The Nicolson Gap

Until a couple of months ago I’d never read Harold Nicolson’s Diplomacy.  I’ve had a copy on my shelf for years but it just didn’t seem like a priority. Having read it I’ve started to notice how much Nicolson is cited in discussions of diplomacy  but I’ve also noticed a phenomenon that I’ve come to think of as the Nicolson Gap.

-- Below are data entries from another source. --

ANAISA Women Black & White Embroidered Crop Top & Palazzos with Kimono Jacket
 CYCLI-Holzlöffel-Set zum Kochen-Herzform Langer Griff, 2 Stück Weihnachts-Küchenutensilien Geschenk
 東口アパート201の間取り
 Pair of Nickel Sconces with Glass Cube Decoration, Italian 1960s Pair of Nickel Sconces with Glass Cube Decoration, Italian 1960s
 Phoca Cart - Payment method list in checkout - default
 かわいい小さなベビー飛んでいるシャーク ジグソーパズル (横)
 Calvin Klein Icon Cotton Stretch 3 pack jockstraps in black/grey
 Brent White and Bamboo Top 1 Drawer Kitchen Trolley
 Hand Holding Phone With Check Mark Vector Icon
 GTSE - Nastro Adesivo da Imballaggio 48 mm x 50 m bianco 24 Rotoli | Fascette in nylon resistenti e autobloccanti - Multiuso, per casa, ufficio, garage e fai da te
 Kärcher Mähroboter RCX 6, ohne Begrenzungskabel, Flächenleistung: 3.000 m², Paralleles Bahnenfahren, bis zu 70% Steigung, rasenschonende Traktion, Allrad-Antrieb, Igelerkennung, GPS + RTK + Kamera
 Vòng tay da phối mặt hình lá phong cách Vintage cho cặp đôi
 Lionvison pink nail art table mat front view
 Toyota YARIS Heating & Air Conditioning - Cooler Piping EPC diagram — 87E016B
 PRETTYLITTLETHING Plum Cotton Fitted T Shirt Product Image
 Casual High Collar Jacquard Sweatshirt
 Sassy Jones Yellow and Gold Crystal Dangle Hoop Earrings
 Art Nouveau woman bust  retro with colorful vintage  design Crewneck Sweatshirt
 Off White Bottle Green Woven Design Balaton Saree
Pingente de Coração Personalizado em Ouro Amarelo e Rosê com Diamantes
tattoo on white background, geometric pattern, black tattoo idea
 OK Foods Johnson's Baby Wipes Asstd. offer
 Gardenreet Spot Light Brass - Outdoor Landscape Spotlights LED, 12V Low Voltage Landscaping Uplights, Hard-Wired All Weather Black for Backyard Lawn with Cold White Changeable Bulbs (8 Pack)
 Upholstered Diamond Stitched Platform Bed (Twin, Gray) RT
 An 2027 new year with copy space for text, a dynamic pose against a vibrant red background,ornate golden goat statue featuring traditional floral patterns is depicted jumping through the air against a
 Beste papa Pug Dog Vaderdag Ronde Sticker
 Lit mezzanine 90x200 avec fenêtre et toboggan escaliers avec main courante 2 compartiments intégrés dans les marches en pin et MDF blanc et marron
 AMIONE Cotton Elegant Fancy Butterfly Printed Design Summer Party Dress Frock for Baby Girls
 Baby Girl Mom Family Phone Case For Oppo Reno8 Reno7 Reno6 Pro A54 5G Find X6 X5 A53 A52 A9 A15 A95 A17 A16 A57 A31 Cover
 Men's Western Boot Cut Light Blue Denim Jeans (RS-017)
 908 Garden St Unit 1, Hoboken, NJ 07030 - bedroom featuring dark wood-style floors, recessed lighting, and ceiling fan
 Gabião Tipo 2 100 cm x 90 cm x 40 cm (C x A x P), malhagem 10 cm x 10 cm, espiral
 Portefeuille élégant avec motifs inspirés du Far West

The gap works like this.  An author wants to make a point about contemporary diplomacy and how much it has changed  in recent years or across the author’s experience, alternatively it can be a point about the need to change.   This is underlined by a reference to Nicolson which implies that Diplomacy is a description of relatively recent diplomatic practice.

 

The gap is period between Nicolson and the present.  It  can be calculated in different ways

 

1968 Nicolson dies: Gap is 48 years

 

1963 Publishes 3rd edition of Diplomacy .  Same as second edition but includes an article published in 1961 as postscript: Gap is 53 years

 

1950 Publishes 2nd edition of Diplomacy. Slightly updates first edition to take account of new recruitment practices at the Foreign Office:  Gap is 66 years.

 

1939 Publishes 1st edition of Diplomacy: Gap is 77 years

 

1929 Nicolson leaves the Foreign Office: Gap is 87 years.

 

The problem is that by using Diplomacy as a marker of recency the author has created a space of multiple decades within which nothing of any note has happened to change diplomacy.  The implication is that diplomacy is the way that it is today because it’s always been this way not because of,  for example, 27 years of post-Cold War, extended periods of new public management derived change, or 15 years of the War on Terror.   The gap comes from the unexamined effects of everything that has happened since Nicolson.

 

The irony is that in reading Diplomacy I was struck by how much of it is not about the unchanging essence of diplomacy but about how much diplomacy had changed in the decades either side of the First World War.